Ночью лес окутывался тьмой, маскируя свою необъятность, и в доме о нем легко было забыть, с увертливой легкостью отъединялось от сознания надобность понимать, где и для чего находишься. Днем лес напоминал огромное, ленивое, равнодушное животное, которое, развалившись с небрежным размахом, греется на солнце и будет опасно ночью. Но в представлении Конюхова день и ночь смешались, как цвета погасшей радуги, слились в нечто неясное, постороннее, неудобное. Это были сумерки, неразличимые глазу, режущие глаз неизвестно чем, то ли кромешной тьмой, то ли страшной ослепительностью, и они были как сама смерть, которая ледяным языком слизывает человека с запотевшего зеркала жизни. От навязчивого кошмара, каким стал для него лес, от туманных болот, над которыми медленно и грозно поднимали головы чудовища, от хмурых сосен, покачивавших над людской слепой суетностью тонкие верхушки, Конюхов видел избавление только в скорейшем отъезде домой, письменному столу, к пишущей машинке, к дням и ночам, слившимся в работе. Сироткин, перефразируя реплики Конюхова, объяснявшие остроту его нужды в отъезде, мысленно утверждал: не к письменному, а к обеденному столу ты стремишься, и верх твоих мечтаний - обильная и вкусная жратва; вслух же он произносил: ты многого ждешь от возвращения домой, и потому твое нетерпение не вызывает удивления, но у меня дома больше нет, и тебя не должно удивлять, что я никуда не стремлюсь.
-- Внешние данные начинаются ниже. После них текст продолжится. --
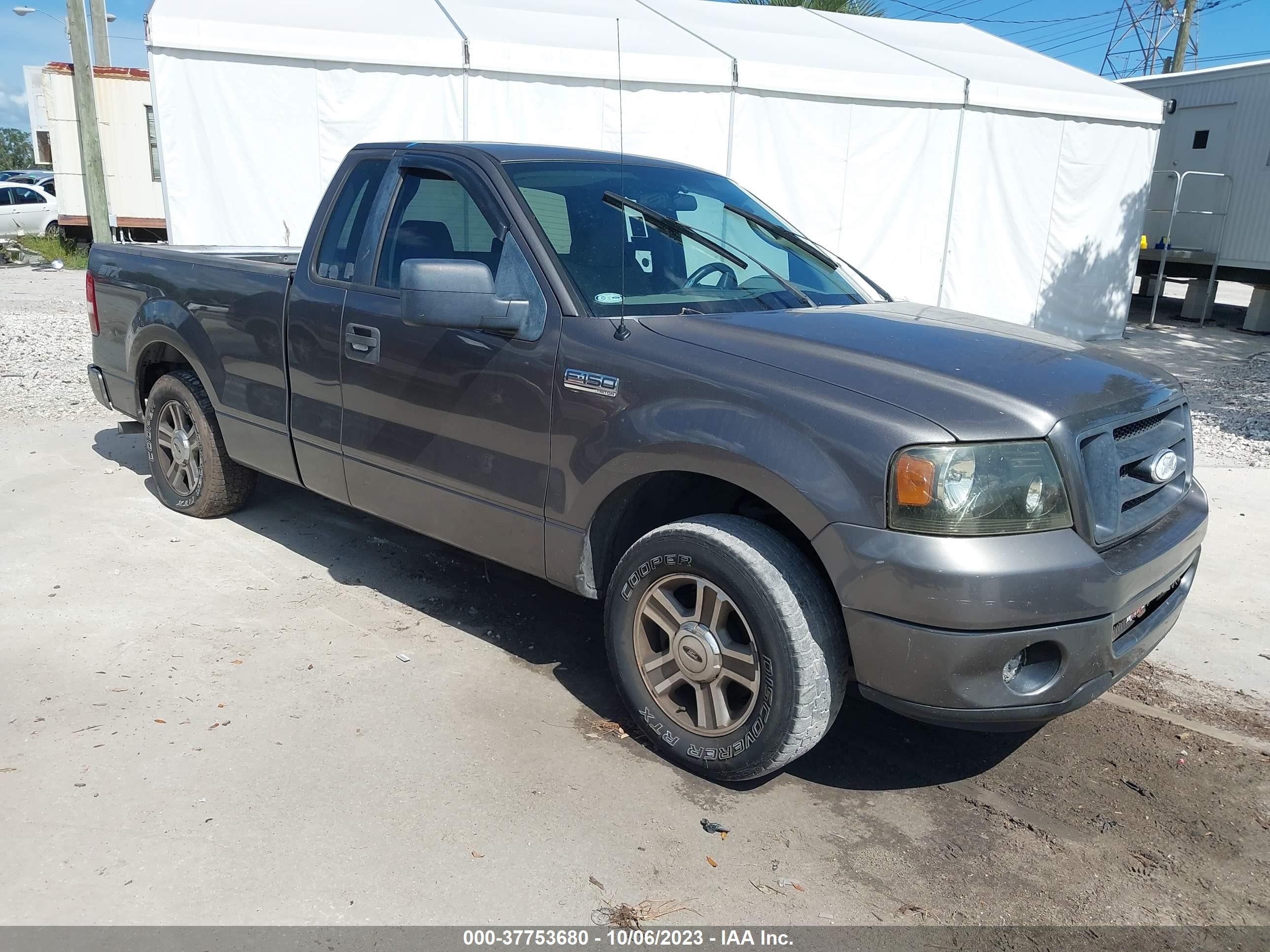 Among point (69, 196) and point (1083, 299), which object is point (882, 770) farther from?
point (69, 196)

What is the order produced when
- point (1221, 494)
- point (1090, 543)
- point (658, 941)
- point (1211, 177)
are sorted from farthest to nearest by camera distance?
point (1211, 177) < point (1221, 494) < point (1090, 543) < point (658, 941)

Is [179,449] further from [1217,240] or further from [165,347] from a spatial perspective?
[1217,240]

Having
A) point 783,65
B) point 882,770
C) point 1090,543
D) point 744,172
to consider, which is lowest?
point 882,770

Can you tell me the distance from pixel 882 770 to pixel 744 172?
407 inches

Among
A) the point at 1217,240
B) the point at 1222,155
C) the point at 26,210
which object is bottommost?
the point at 26,210

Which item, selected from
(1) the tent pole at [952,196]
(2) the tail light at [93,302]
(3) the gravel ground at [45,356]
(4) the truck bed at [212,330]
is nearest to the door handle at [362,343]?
(4) the truck bed at [212,330]

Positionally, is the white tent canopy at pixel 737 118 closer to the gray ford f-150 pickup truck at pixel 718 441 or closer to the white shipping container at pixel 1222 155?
the white shipping container at pixel 1222 155

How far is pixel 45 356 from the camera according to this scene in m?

Ксения и Сироткин не торопились уезжать, мол, время терпит, а в лесу чудесно, они находили тысячи причин со дня на день откладывать возвращение в город. И Конюхова с этим принуждало смиряться странное предположение, что Ксению удерживает в лесу какая-то связь с тем новым и как бы фантастическим положением, что он лишился дома. Очевидно, строил порой догадки Конюхов, малый сей хочет выразить мысль, что поднялся духом выше всякого жилья, места, выше всех привязанностей и обязанностей.

Сироткин нашел на печи старую небольшую рыболовную сеть, наспех починил и предложил Конюхову поставить ее совместными усилиями на одной из мелких речушек, каких немало кружилось в окрестностях. Ксения с утра отправилась побродить по лесу в одиночестве и, может быть, поискать на болоте клюкву. Конюхову нетерпелось уехать в город, и меньше всего ему хотелось участвовать в задуманной Сироткиным рыбной ловле. Он примерно в таком роде и высказался, и тогда услышал в ответ:

- Рыбу ловить надо.

Это "надо" прозвучала фаталистическим приговором не только для Конюхова, но и для рыбы. Рыбе необходимо, чтобы ее ловили, и Конюхову никуда не уйти от такого положения дел, поскольку рыба не в состоянии ловить самое себя и кто-то обязан этим заниматься. Сироткинские карты крыть нечем. Сироткин скатал сеть в тонкий жгут, перебросил через плечо, и они пошли.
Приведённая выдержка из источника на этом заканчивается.